On 12/08/21 18:06, Richard W.M. Jones wrote:
$ ./run guestfish -vx add-drive foo "readonly:true"
libguestfs: trace: set_pgroup true
libguestfs: trace: set_pgroup = 0
libguestfs: trace: add_drive "foo" "readonly:true"
libguestfs: error: foo:
libguestfs: trace: add_drive = -1 (error)
libguestfs: trace: close
libguestfs: closing guestfs handle 0x55c0bacf12a0 (state 0)
Note the "error: foo: " line. After hexdumping this I found that it
is actually printing random rubbish after the colon. It turns out
that strerror_r was not updating the buffer and so we were printing
random bytes from the stack.
strerror_r is hard to use and worse still there are two incompatible
variants in glibc.
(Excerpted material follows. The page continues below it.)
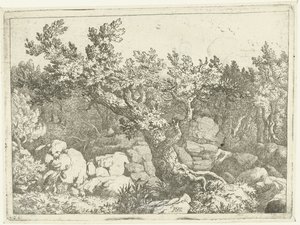Paesaggio con cacciatore vicino a un grande albero da Allaert van Everdingen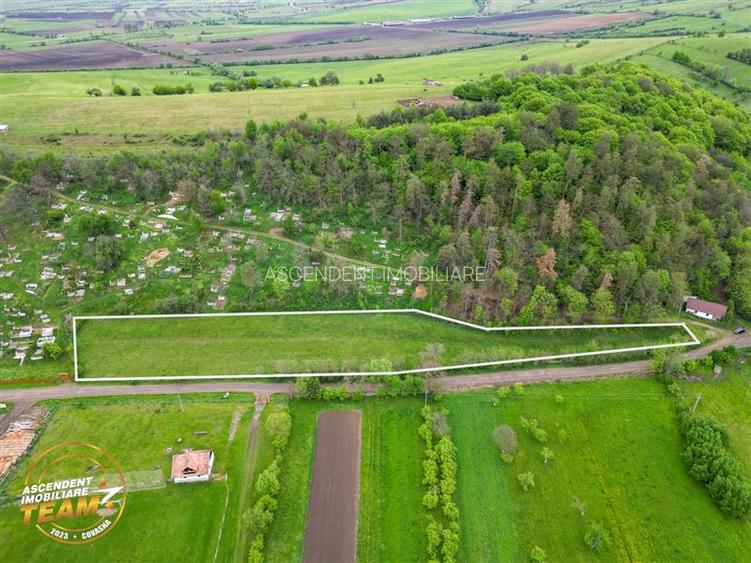 6.500 mp teren intravilan, la 10 min de orasul Covasna: Papauti - 6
Close reading of the GNU variant that we are using
shows that it doesn't always use the buffer passed in, which explains
what was happening here.
Try to fix usage of strerror_r and try to cope with the two variants
using _GNU_SOURCE.
Fixes:
https://bugzilla.redhat.com/show_bug.cgi?id=2030396
---
lib/errors.c | 15 ++++++++++++---
1 file changed, 12 insertions(+), 3 deletions(-)
diff --git a/lib/errors.c b/lib/errors.c
index bd9699eeb1..d599a21879 100644
--- a/lib/errors.c
+++ b/lib/errors.c
@@ -322,6 +322,7 @@ guestfs_int_perrorf (guestfs_h *g, const char *fs, ...)
const int errnum = errno;
int err;
char buf[256];
+ const char *errstr;
struct error_data *error_data = get_error_data (g);
va_start (args, fs);
@@ -330,11 +331,19 @@ guestfs_int_perrorf (guestfs_h *g, const char *fs, ...)
if (err < 0) return;
- ignore_value (strerror_r (errnum, buf, sizeof buf));
+#ifdef _GNU_SOURCE
+ /* GNU strerror_r */
+ errstr = strerror_r (errnum, buf, sizeof buf);
+#else
+ /* XSI-compliant strerror_r */
+ err = strerror_r (errnum, buf, sizeof buf);
+ if (err > 0) return;
+ errstr = buf;
+#endif
- msg = safe_realloc (g, msg, strlen (msg) + 2 + strlen (buf) + 1);
+ msg = safe_realloc (g, msg, strlen (msg) + 2 + strlen (errstr) + 1);
strcat (msg, ": ");
- strcat (msg, buf);
+ strcat (msg, errstr);
/* set_last_error first so that the callback can access the error
* message and errno through the handle if it wishes.